Suppose, towards the sake of contradiction, that there is an expression \(exp\) such that \(\Phi_{exp}= MATCHPAREN\). Let \(n_0\) be the number from Reference:regexpparn and let \(w =\langle^{n_0}\rangle^{n_0}\) (i.e., \(n_0\) left parenthesis followed by \(n_0\) right parenthesis). Then we see that if we write \(w=xyz\) as in Reference:regexpparn, the condition \(|xy| \leq n_0\) implies that \(y\) consists solely of left parenthesis. Hence the string \(xy^2z\) will contain more left parenthesis than right parenthesis. Hence \(MATCHPAREN(xy^2z)=0\) but by the pumping lemma \(\Phi_{exp}(xy^2z)=1\), contradicting our assumption that \(\Phi_{exp}=MATCHPAREN\).

The pumping lemma is a very useful tool to show that certain functions are not computable by a regular language. However, it is not an “if and only if” condition for regularity. There are non regular functions which still satisfy the conditions of the pumping lemma. To understand the pumping lemma, it is important to follow the order of quantifiers in Reference:pumping. In particular, the number \(n_0\) in the statement of Reference:pumping depends on the regular expression (in particular we can choose \(n_0\) to be twice the number of symbols in the expression). So, if we want to use the pumping lemma to rule out the existence of a regular expression \(exp\) computing some function \(F\), we need to be able to choose an appropriate \(w\) that can be arbitrarily large and satisfies \(F(w)=1\). This makes sense if you think about the intuition behind the pumping lemma: we need \(w\) to be large enough as to force the use of the star operator.

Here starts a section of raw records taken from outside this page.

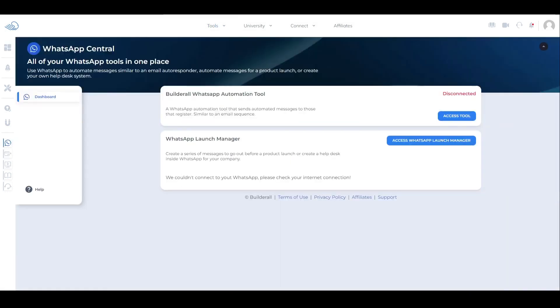Once you click it, you'll be taken to the WhatsApp Central dashboard. Here in the middle, you can see we have two tools available. The first one is the Builderall WhatsApp Automation Tool that allows you to send automated messages to those who have registered. It works very similar to an email sequence.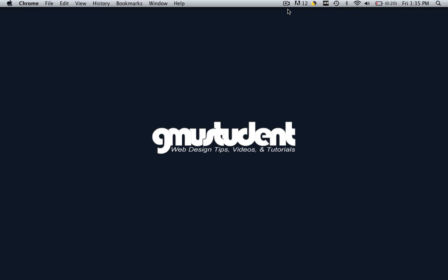Hello everyone, this is Christopher Carrington with GMUstudent.com and I'm sad to say this is the final tutorial in the Make a Professional Website series.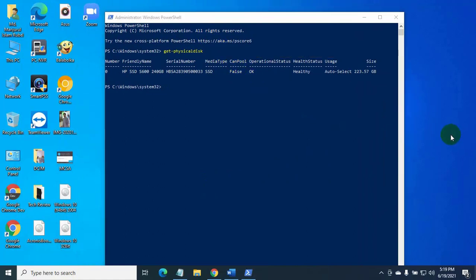And this section shows your storage capacity. Thanks for watching this video.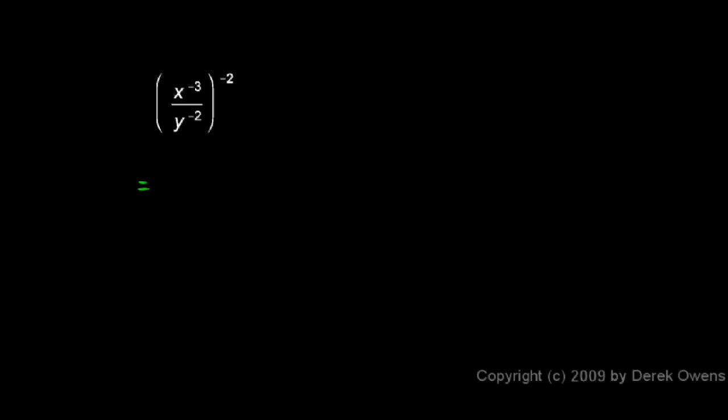So what this gives us is x to the negative 3 to the power of negative 2 in my numerator. And when I do x to the negative 3 raised to the power of negative 2, I'm taking an exponent and raising it to another power, and when I do that I multiply the exponents. So it's negative 3 times negative 2, which gives me a positive 6. So this is x to the power of positive 6.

Regular expressions are widely used beyond just searching. First, they are typically used to define tokens in various formalisms such as programming data description languages. But they are also used beyond it. One nice example is the recent work on the NetKAT network programming language. In recent years, the world of networking moved from fixed topologies to “software defined networks”, that are run by programmable switches that can implement policies such as “if packet is SSL then forward it to A, otherwise forward it to B”. By its nature, one would want to use a formalism for such policies that is guaranteed to always halt (and quickly!) and that where it is possible to answer semantic questions such as “does C see the packets moved from A to B” etc. The NetKAT language uses a variant of regular expressions to achieve that.

Context free grammars

If you have ever written a program, you’ve experienced a syntax error. You might have had also the experience of your program entering into an infinite loop. What is less likely is that the compiler or interpreter entered an infinite loop when trying to figure out if your program has a syntax error. When a person designs a programming language, they need to come up with a function \(VALID:\{0,1\}^* \rightarrow \{0,1\}\) that determines the strings that correspond to valid programs in this language. The compiler or interpreter computes \(VALID\) on the string corresponding to your source code to determine if there is a syntax error. To ensure that the compiler will always halt in this computation, language designers typically don’t use a general Turing-complete mechanism to express the function \(VALID\), but rather a restricted computational model. One of the most popular choices for such a model is context free grammar.

To explain context free grammars, let’s begin with a canonical example. Let us try to define a function \(ARITH:\Sigma^* \rightarrow \{0,1\}\) that takes as input a string \(x\) over the alphabet \(\Sigma = \{ (,),+,-,\times,\div,0,1,2,3,4,5,6,7,8,9\}\) and returns \(1\) if and only if the string \(x\) represents a valid arithmetic expression. Intuitively, we build expressions by applying an operation to smaller expressions, or enclosing them in parenthesis, where the “base case” corresponds to expressions that are simply numbers. A bit more precisely, we can make the following definitions:

A context free grammar (CFG) is a formal way of specifying such conditions.Sections 2.1 and 2.3 in Sipser’s book are excellent resources for context free grammars. We can think of a CFG as a set of rules to generate valid expressions. In the example above, the rule \(expression \; \Rightarrow\; expression \; \times \; expression\) tells us that if we have built two valid expressions \(exp1\) and \(exp2\), then the expression \(exp1 \; \times \; exp2\) is valid above.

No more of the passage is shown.